Continuando pensando na fechadura de uma porta, sua maneira de trancar, se interna, de quartos, banheiros ou externa, aquela que dá acesso à casa permite também varias questões a serem estudadas. Imaginando, por exemplo, um machucado no polegar, este pequeno acidente limita os movimentos e mover uma chave convencional se torna difícil. Pensando nas pessoas que por um acaso têm algum problema na articulação dos dedos, como é o caso de uma artrose , que pode limitar os movimentos dos dedos, impedindo alguns movimentos. Existem fechaduras a cartão, que ainda são caras, mas pode-se pensar em outros tipos de fechaduras, como as dos veículos, que são acionadas sob pressão, e que permitem maior facilidade para destrancar ou trancar uma porta, ou mesmo aquelas que lembram teclado de telefone ou calculadora, basta digitar seu código de acesso, sua chave, e para destrancar ou mesmo abrir a porta. Muitos modelos já existem, para as mesmas funções em outras condições, deve-se então pensar em utilizá-las.

Se a porta foi aberta, falta agora ultrapassá-la, qual deverá ser dimensão para permitir acesso fácil?. Geralmente as portas de acesso à residência são as mais largas para permitir o acesso de equipamentos, mobiliário, ou seja, pensa-se em bens materiais e a pessoa é esquecida. Os ditos normais não têm problemas para ultrapassar um vão, mesmo mais estreito, pode-se virar de lado, mas aí sim, deve-se pensar em todo o tipo de pessoa, seja na mãe com seu filho de colo até aquele que necessita de uma cadeira de rodas para se locomover. Neste caso específico, o projeto é que deve contemplar esta exigência, principalmente nas circulações. Um vão, de maneira geral pode ser modificado, mas uma circulação necessita de grande obra para ser alargada e permitir que a pessoa que não consegue se locomover sem que seja de cadeira de rodas possa passar sem destruir as paredes da circulação e o mais importante, possa passar sem precisar ser empurrada. Assim haverá a possibilidade de um deficiente motor morar sozinho ou se alguém que more só se acidentar não precisar sair de casa para ficar curado.

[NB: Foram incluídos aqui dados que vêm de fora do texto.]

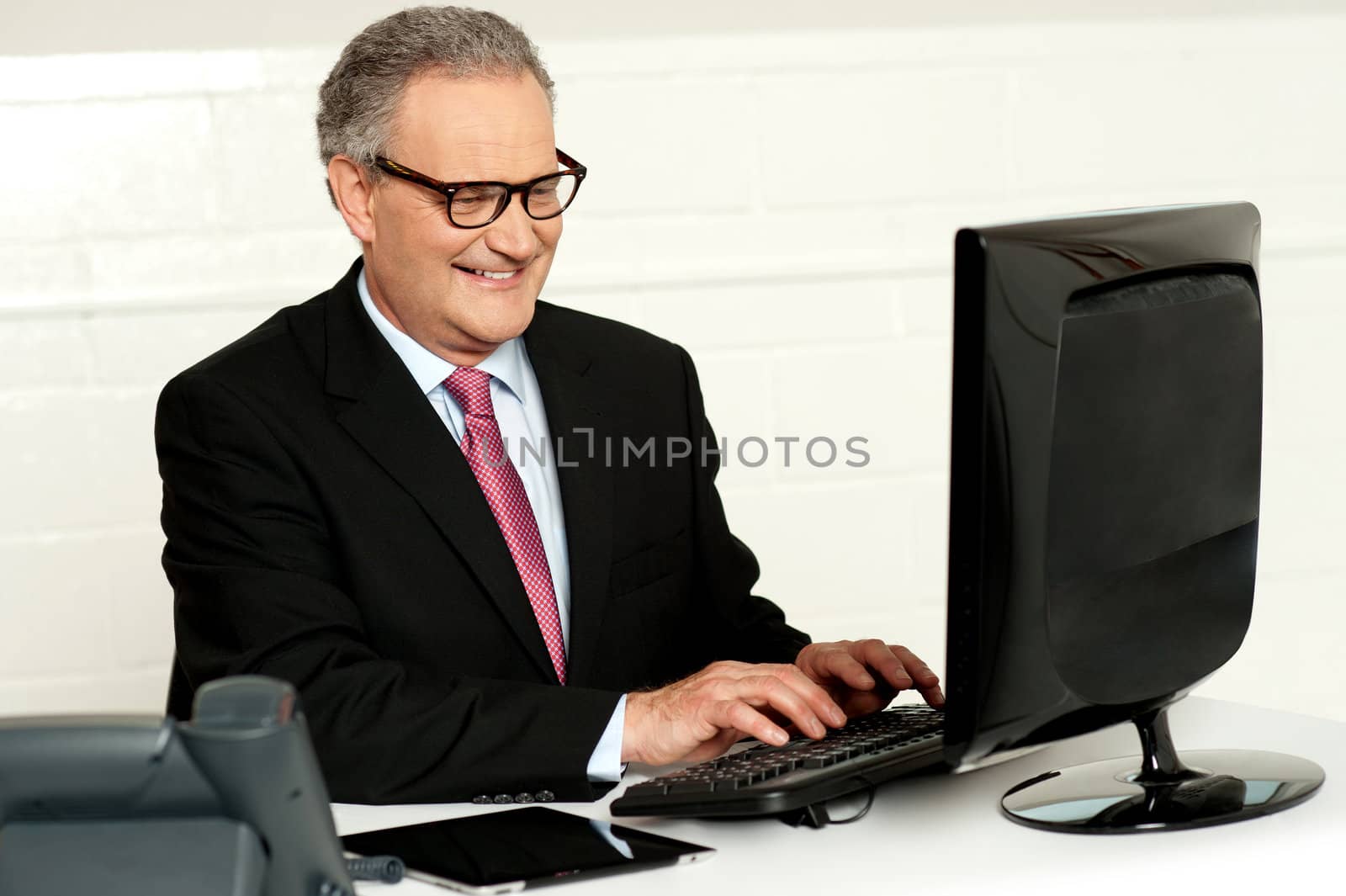 Casual businessman working in office sitting at desk typing on keyboard looking at computer screen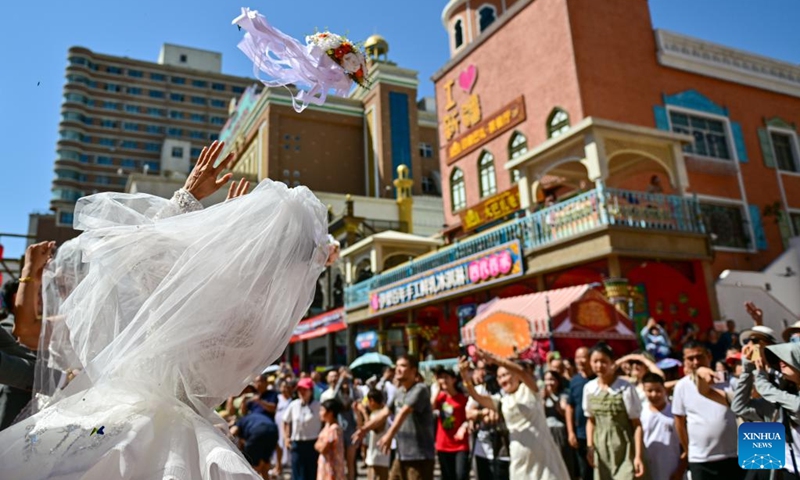 A bride throws a bouquet during a group wedding at the Xinjiang International Grand Bazaar in Urumqi, northwest China's Xinjiang Uygur Autonomous Region, Aug. 10, 2024. The group wedding was held here on Saturday to mark the Qixi Festival, also known as Chinese Valentine's Day. Photo: Xinhua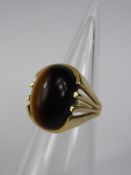 A 9ct Yellow Gold and Tigers Eye Ring, size N, mm HEH, approx 8.1 gms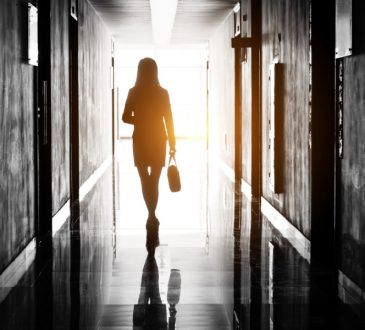 Silhouetted woman walking down hallway of office building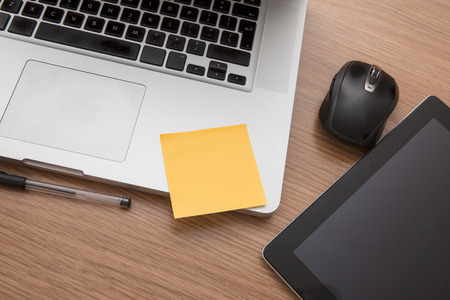 Modern desk with laptop and tabletの写真素材
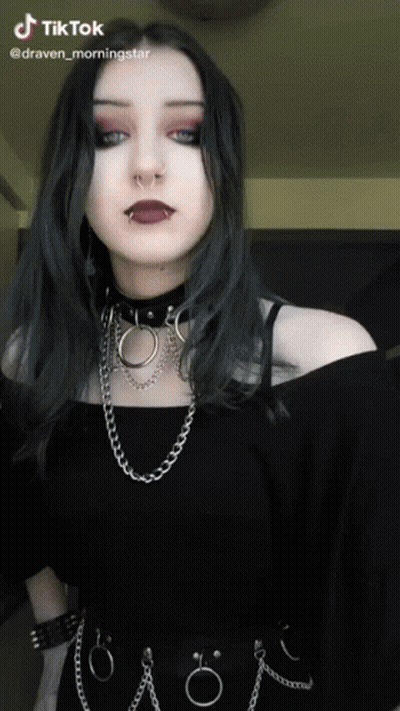 Woman Wearing Choker And Chains GIF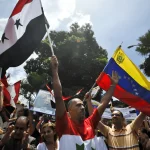 Venezuelans demonstrate in support of Syrian President Bashar al-Assad in front of the Syrian embassy in Caracas two weeks after the outbreak of a Western-manufactured color revolution in the country, April 1, 2011. Photo: Leo Ramirez/AFP/Getty Images/file photo.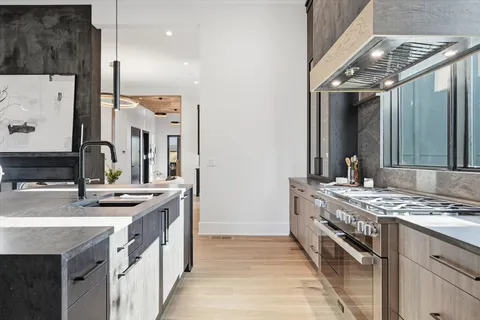a bathroom with a granite countertop sink a toilet and a mirror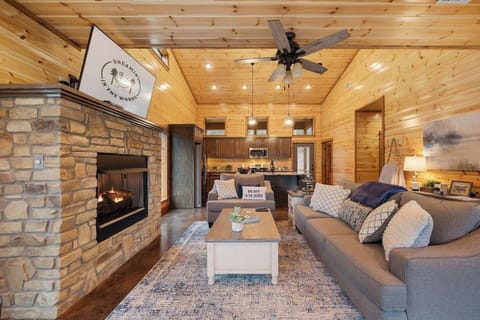 Open concept with den & kitchen.  It's cozy with gas fireplace and open windows.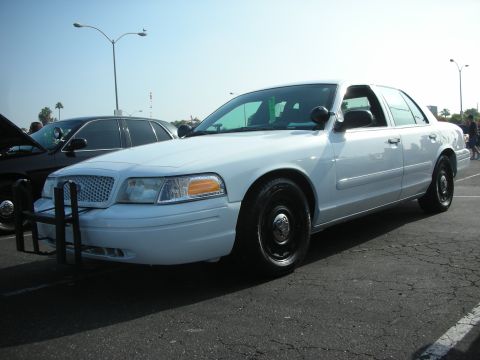 2004 Ford Crown Victoria - A white police car is parked on asphalt under a bright sky.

Voltando ao bolo de aniversário sobre a bandeja, qual a dimensão para a pessoa passar segurando a bandeja? E se fosse uma cadeira? Manter dimensões confortáveis torna o ambiente mais agradável e mais seguro ao serem evitadas batidas contra portas, maçanetas ou obrigar a alguns malabarismos os habitantes da residência.

Outra questão importante na definição de um projeto para uma residência é pensar sobre sua durabilidade. Não falo aqui tanto dos móveis e equipamentos que realmente têm um tempo limitado de vida, mas a própria edificação. Imóveis são feitos, geralmente, para durar anos, 40, 50 anos sem grandes reformas, e está certo que o homem vive, atualmente, por volta de 80 anos. Na vida humana, vários ciclos se sucedem. Ao nascer o homem, a criança, necessita de grande aparato para seu desenvolvimento, como, carrinhos de bebe, banheiras especiais, quando aprendem a andar precisam de espaço. Depois surgem os triciclos, as bicicletas, tornam-se adultos e envelhecem necessitando também de uma série de equipamentos para melhorar suas habilidades, como bengalas, apoios e espaços que evitem os tão preocupantes acidentes como as quedas.

Ao se pensar que qualquer objeto arquitetônico é feito para o homem, deve-se ter sempre em mente suas dimensões, seu ciclo biológico. Como diz Lucio Costa , "arquitetura é para ser vivida" importando ao arquiteto "naqueles sucessivos processos de escolha a que afinal se reduz a elaboração do projeto" pensar no homem, na técnica mas principalmente agir com intenção. Imaginar como age a pessoa no espaço criado para abrigá-lo, imaginar o passar dos anos e intencionalmente propor soluções que permitam ao homem sua facilidade de locomoção neste ambiente, que se tornará de uso diário.